Son nouvel album HAZ prolonge cette aventure avec une écriture plus intime, où les joies, les blessures et les élans du cœur se mêlent à une énergie irrésistible. Sur scène, sa voix magnétique, ses musiciens et ses sonorités métissées transforment chaque concert en une véritable célébration collective.
Impossible de rester immobile face à cette artiste qui conjugue avec une rare évidence la puissance des racines et l'audace de la modernité.
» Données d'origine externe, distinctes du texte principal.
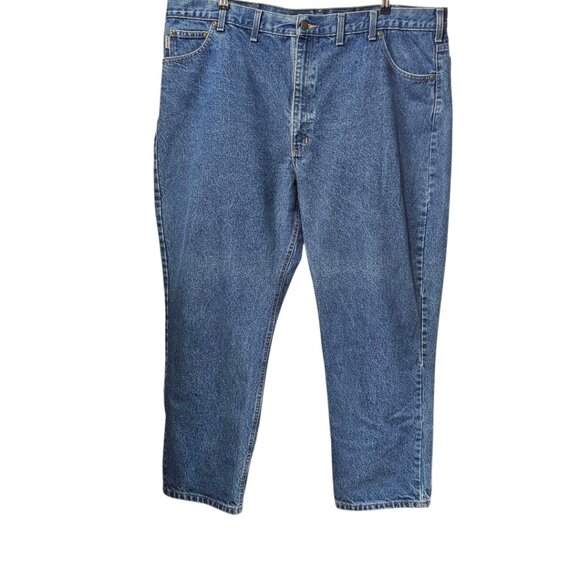 Carhartt Traditional Fit Denim Relaxed Straight Tapered Leg Cotton Blue Jeans - Picture 1 of 8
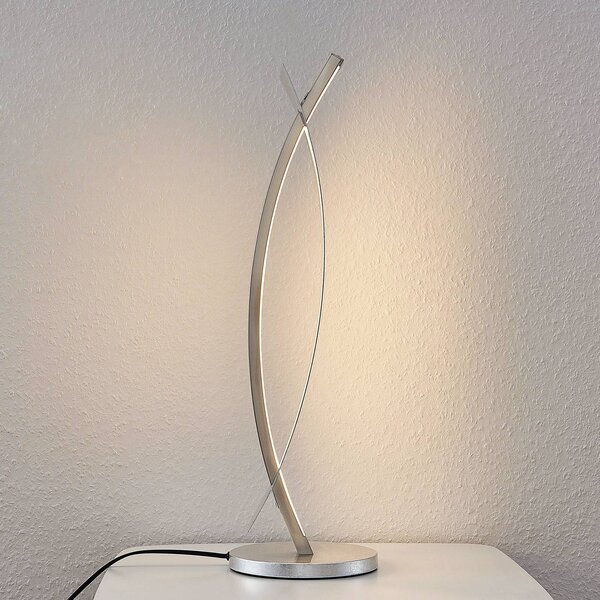 Lampa stołowa LED Marija Lucande, możliwość ściemniania, chromowy / srebrny, salon / jadalnia, metal, nowoczesny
Un voyage musical incandescent, porté par une personnalité aussi libre qu'inoubliable.
En première partie : Oyri's
Il existe des émotions qui font du bruit et d’autres qui travaillent en silence. C’est dans cet espace plus secret qu’OYRI’S installe sa musique.
La chanteuse réunionnaise, fille de Zanmari Baré, possède une voix qui ne force jamais le passage : elle avance par nuances, laisse respirer les mots et donne au créole une présence presque tactile. Autour d’elle, le roulèr, le kayanm, le sati, la guitare et les percussions ne cherchent pas à remplir l’espace. Ils créent des tensions, des respirations, des mouvements souterrains. Le maloya devient alors moins un genre à reconnaître qu’un langage pour dire ce qui échappe parfois à la parole.